The Guilty originated as a critically acclaimed, intense Danish thriller that marked the feature debut by Gustav Möller. A seemingly simple premise set entirely within a single-location frayed nerves thanks to a confluence of impeccable ingredients. So, it’s not surprising that remake rights were snatched up almost immediately. The result is a Jake Gyllenhaal vehicle directed by Antoine Fuqua, which dials up the star quality and injects more drama. While a breathless showcase for Gyllenhaal’s talents, the fairly faithful remake loses some of the hard-hitting edges of the original.

Opening to a wide pan of Los Angeles morning with helicopters overhead and a wildfire blazing on the city’s outskirts, the accompanying sounds of 911 calls drive home the unrest. It then cuts to the inside of a 911 dispatch center, where we meet officer Joe Bayler (Gyllenhaal) in the bathroom using his inhaler to try and soothe his irritated lungs. It’s clear something is bothering him more than poor air quality, though.
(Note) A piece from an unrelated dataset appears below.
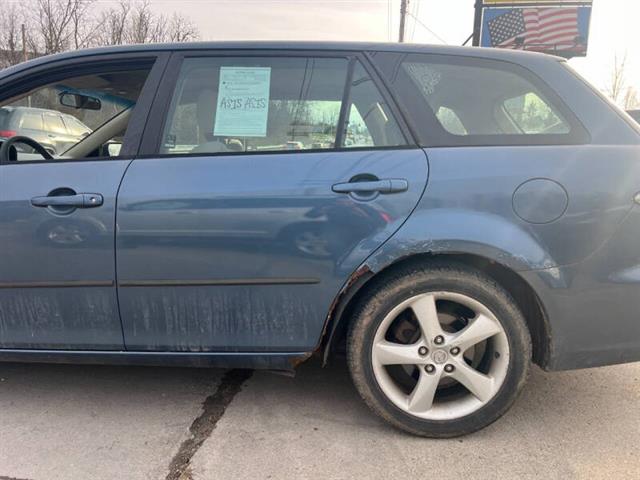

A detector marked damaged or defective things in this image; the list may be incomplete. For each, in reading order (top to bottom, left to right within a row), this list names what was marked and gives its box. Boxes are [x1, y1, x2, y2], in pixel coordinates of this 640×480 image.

crack in pavement [166, 370, 254, 480] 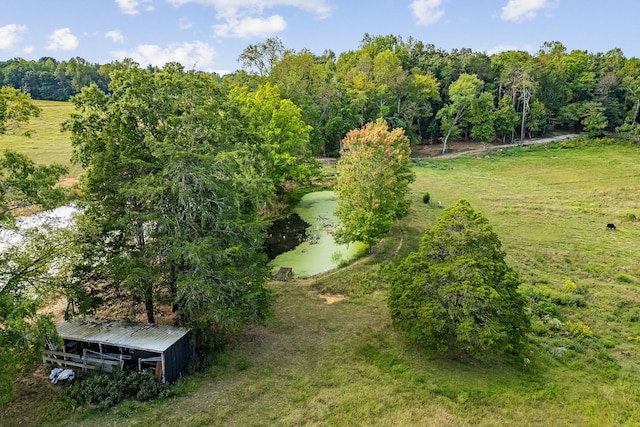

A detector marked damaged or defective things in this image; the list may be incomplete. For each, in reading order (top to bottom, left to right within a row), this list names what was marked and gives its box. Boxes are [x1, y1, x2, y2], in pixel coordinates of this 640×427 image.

Joe is a man on the edge and quick-tempered. He sits back down at his desk and cycles through a series of calls with tedium until a woman, Emily (Riley Keough), rings in and discreetly conveys she’s mid-abduction. It sparks an intense and frantic search to find her before it escalates, threatening Joe’s already precarious mental state in the process.

THE GUILTY: JAKE GYLLENHAAL as JOE BAYLER. CR: GLEN WILSON/NETFLIX © 2021.
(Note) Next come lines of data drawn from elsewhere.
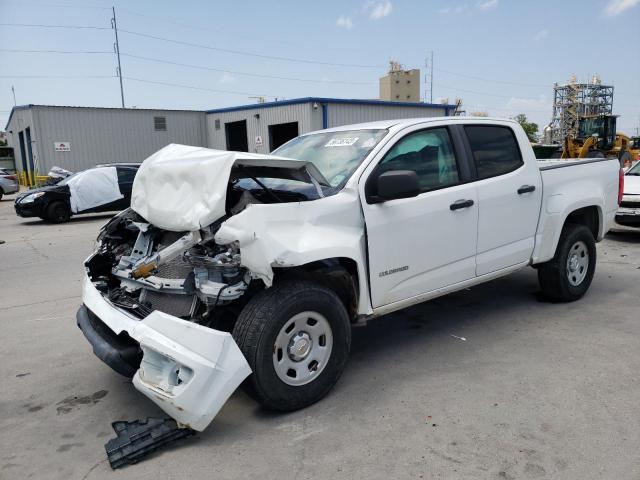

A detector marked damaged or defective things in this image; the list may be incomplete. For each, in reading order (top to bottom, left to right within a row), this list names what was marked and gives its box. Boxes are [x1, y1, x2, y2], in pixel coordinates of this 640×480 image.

deployed airbag [66, 166, 122, 213]
damaged hood [132, 143, 328, 232]
crushed front end [76, 210, 251, 432]
cracked bumper [77, 272, 252, 434]
wrecked white truck [75, 116, 620, 432]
Much like the original, The Guilty never leaves Gyllenhaal or the dispatch center. It’s a single-location thriller where most of the thrills happen off-screen. That means it’s entirely up to the performances to carry and convey the emotional intensity of what’s happening. And this remake ensures it succeeds with a stacked cast. The Guilty is a showcase for Gyllenhaal as the one on-screen for its entirety, and he’s more than up for the task. While you never see them, Keough, Peter Sarsgaard, Ethan Hawke, and Paul Dano round out the various voices on the other end of Joe’s line. Keough, in particular, shines the brightest for all the distressing and heartbreaking emotions she cycles through, communicated solely through vocal performance.
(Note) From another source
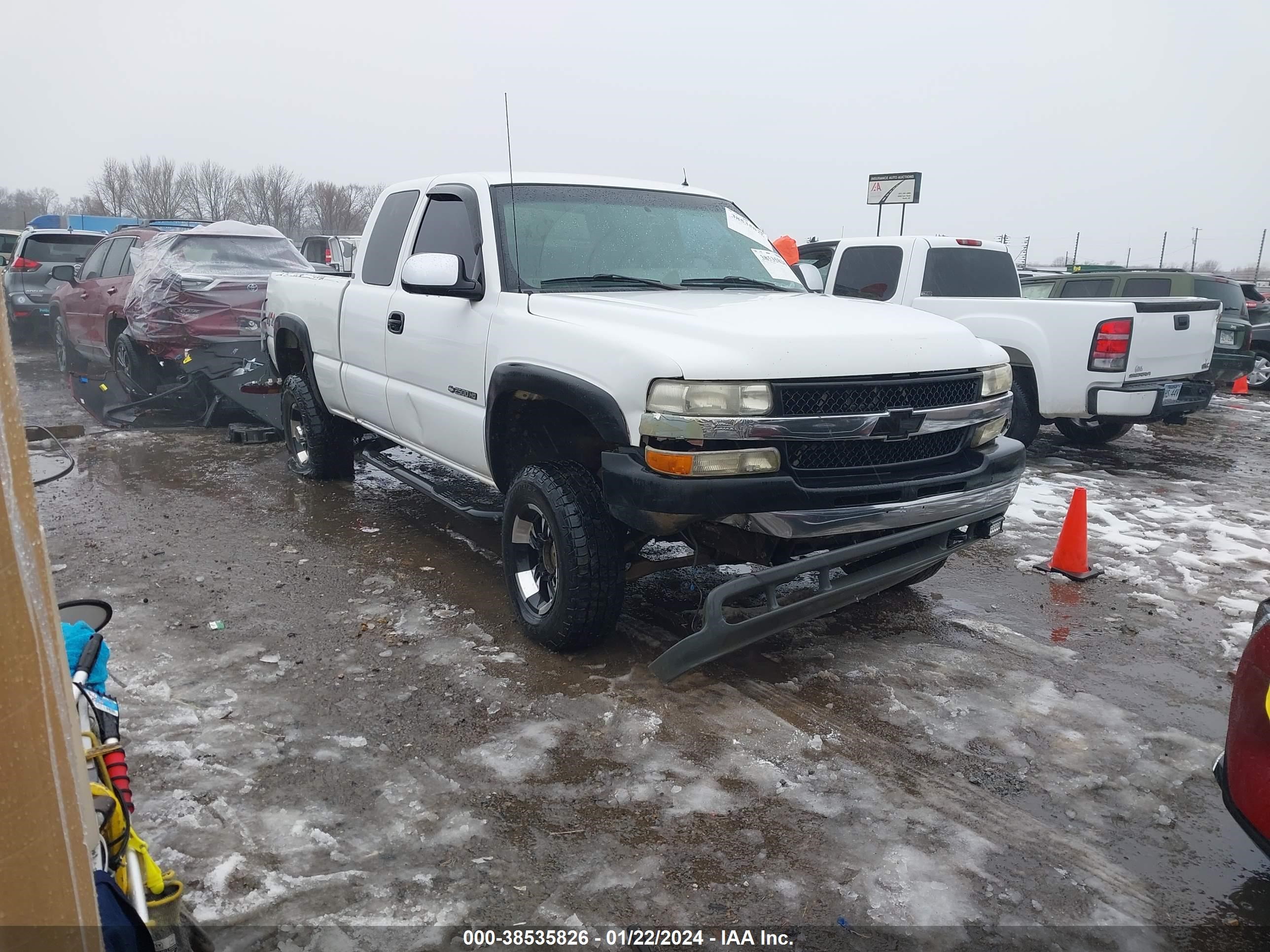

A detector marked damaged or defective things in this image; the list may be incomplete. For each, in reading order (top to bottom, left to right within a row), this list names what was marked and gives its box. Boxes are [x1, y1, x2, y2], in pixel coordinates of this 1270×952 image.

red damaged car [115, 223, 315, 396]
red damaged car [1209, 599, 1270, 863]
True Detective writer Nic Pizzolatto faithfully sticks to the main plot points but embellishes Joe’s story to increase his stakes. Joe consistently slinks away from his desk to take personal calls that slowly build a clearer view of why this anxious and volatile police officer is fielding emergency calls and why he’s so invested in saving Emily from his abductor. He’s not just soothing Los Angelenos in distress; he’s brushing off the intrepid press, disappointing his estranged wife, and walking down colleagues from ledges. It’s so much to mentally juggle that it’s no wonder he’s consistently flying off the handle. Gyllenhaal makes it all feel authentic, but once the climax hits, the added emotional weight sags a bit into overwrought territory. The story itself, the intimacy of Emily’s plight, and the dispatcher desperate to save her are more than enough for viewer investment.

Those unfamiliar with the 2018 film will easily get swept up in Fuqua’s latest, which deftly captures the intensity while adding more visual flourish. This is the movie’s target audience. Fans of Möller’s innovative and suspenseful film won’t find much changed, save for a reminder that sometimes less is more.

The Guilty releases in limited theaters on September 24 before coming to Netflix on October 1, 2021.